◆ RECORDS FOR THE EXERCISE ◆
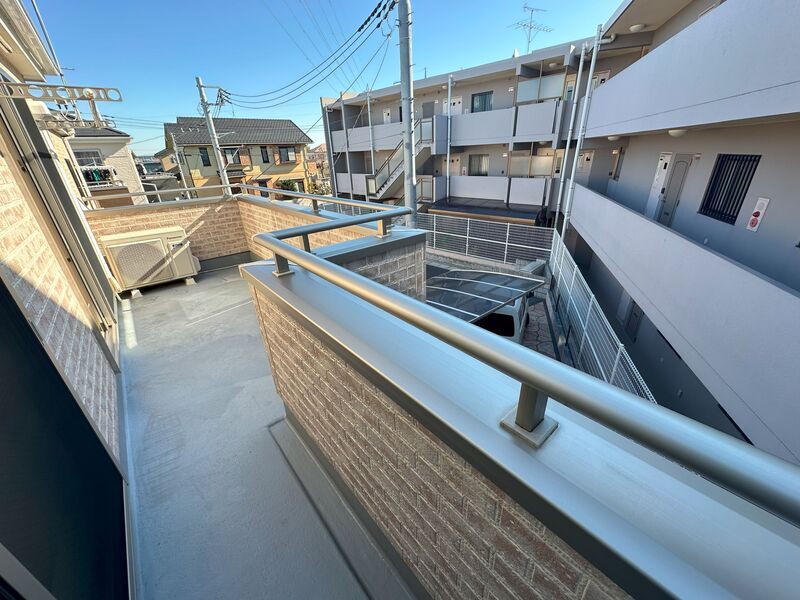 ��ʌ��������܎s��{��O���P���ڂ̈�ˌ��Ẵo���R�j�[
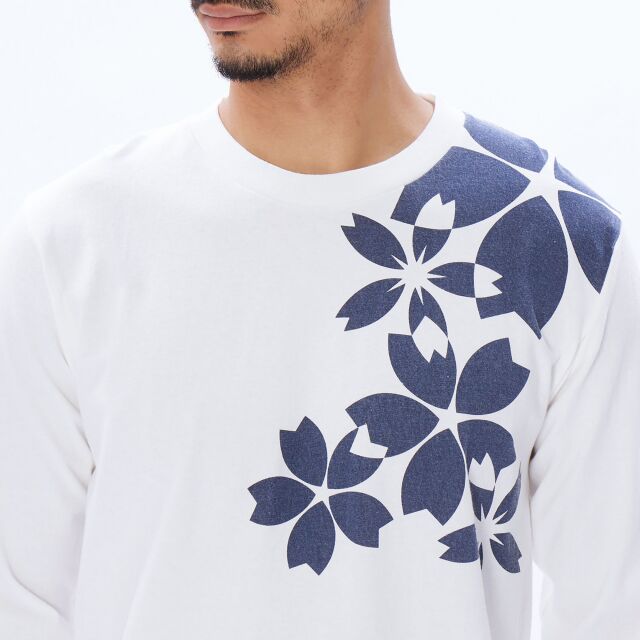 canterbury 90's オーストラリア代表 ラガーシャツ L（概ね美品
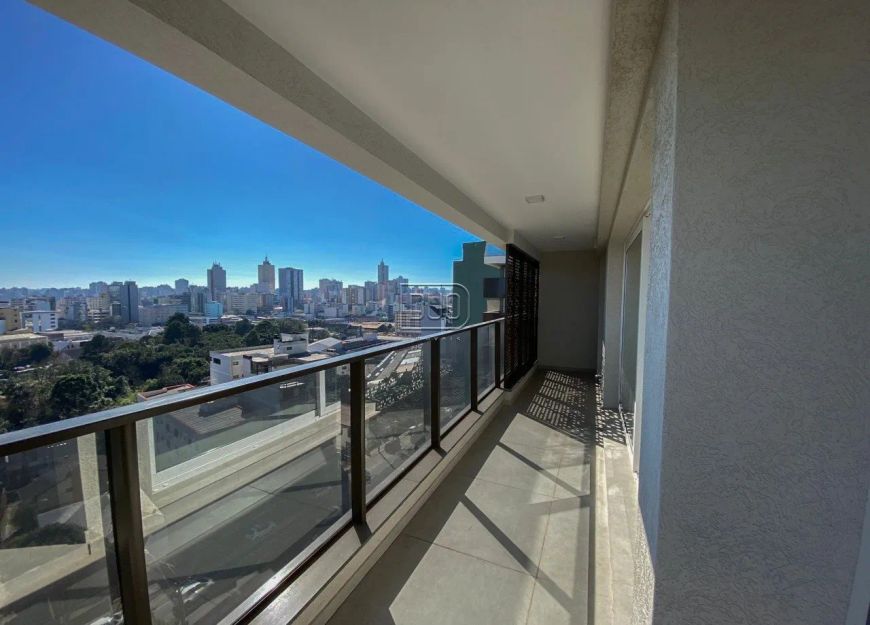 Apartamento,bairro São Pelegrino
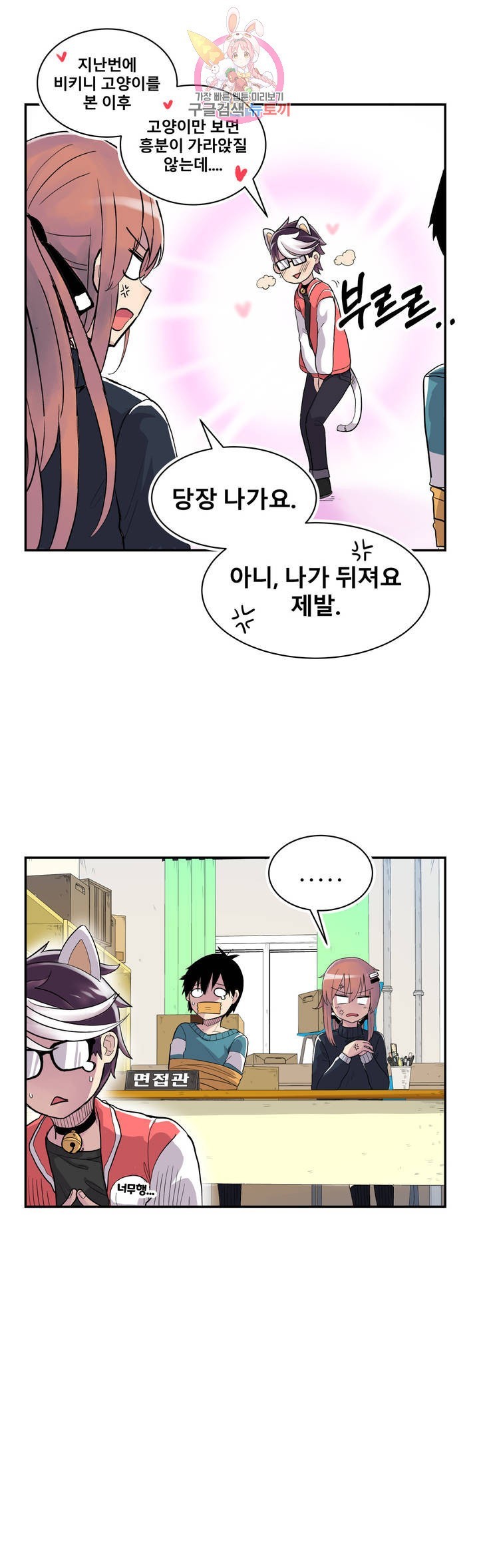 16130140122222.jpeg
==
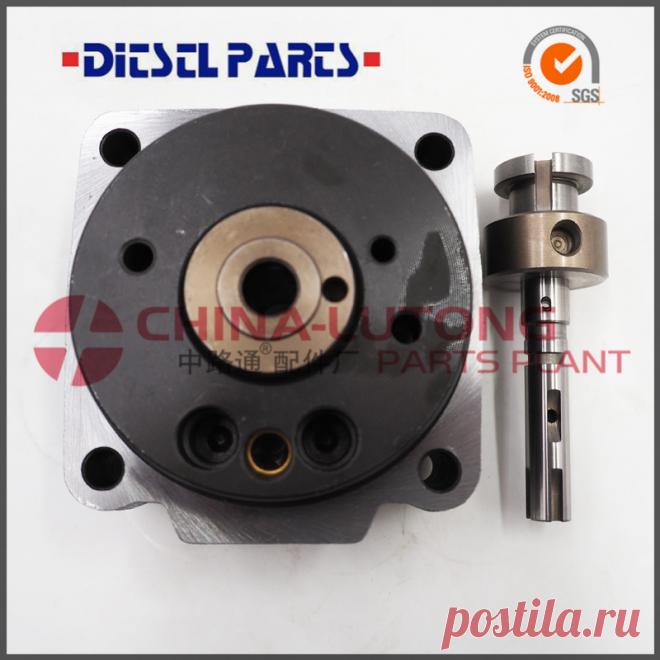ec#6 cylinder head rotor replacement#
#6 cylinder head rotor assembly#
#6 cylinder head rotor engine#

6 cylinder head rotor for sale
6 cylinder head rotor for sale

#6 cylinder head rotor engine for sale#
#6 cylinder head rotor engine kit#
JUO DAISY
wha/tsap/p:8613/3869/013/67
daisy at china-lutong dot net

◆ YOUR ASSIGNMENT ◆
Write down only how many lines in the listing contain the word "engine".

◆ THE ANSWER ◆
3